Task item →
In the records below, some lines hold the word "Luxury". Copy each of those lines.

Web page caption snippets
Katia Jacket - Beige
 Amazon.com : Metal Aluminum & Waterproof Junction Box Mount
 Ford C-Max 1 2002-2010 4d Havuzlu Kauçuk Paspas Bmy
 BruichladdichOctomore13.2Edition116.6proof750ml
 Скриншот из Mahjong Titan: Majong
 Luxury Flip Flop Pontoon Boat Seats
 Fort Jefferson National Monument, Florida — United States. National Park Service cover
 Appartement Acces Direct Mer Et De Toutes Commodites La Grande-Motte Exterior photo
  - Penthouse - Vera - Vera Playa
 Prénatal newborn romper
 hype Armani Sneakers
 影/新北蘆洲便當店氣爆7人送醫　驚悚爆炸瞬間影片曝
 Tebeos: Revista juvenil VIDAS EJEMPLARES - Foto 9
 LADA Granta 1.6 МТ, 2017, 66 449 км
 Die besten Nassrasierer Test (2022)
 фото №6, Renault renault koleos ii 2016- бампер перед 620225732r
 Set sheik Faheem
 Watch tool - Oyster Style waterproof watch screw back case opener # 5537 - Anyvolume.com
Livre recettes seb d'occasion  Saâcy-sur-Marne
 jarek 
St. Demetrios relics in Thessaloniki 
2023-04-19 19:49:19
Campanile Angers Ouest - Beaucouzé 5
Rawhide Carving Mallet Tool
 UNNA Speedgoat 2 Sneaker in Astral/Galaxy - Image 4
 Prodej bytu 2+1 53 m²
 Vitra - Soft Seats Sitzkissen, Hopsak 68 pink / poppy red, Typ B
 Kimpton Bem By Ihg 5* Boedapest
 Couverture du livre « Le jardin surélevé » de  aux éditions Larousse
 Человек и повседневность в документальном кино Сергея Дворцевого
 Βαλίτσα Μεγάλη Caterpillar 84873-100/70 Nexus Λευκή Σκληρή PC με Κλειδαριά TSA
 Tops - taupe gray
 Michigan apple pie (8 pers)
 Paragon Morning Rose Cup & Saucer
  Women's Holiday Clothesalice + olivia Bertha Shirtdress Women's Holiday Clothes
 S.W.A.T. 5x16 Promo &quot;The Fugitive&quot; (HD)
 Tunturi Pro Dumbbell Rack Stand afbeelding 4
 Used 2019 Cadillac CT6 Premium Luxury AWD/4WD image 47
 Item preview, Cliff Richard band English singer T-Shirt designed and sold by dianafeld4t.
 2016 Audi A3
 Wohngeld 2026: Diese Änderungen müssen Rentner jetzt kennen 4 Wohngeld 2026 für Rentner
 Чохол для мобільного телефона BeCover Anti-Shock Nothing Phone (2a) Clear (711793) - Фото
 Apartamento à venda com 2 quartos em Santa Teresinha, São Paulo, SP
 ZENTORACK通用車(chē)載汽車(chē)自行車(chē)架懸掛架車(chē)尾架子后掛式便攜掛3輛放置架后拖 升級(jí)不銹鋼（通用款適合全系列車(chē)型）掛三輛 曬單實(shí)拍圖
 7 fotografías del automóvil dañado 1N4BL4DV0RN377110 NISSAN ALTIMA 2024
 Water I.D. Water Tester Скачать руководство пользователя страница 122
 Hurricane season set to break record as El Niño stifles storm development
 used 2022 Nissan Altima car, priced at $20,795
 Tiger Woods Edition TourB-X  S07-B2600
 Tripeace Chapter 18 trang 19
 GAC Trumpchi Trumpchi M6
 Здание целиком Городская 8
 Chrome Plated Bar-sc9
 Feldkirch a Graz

Result of the task →
 Luxury Flip Flop Pontoon Boat Seats
 Used 2019 Cadillac CT6 Premium Luxury AWD/4WD image 47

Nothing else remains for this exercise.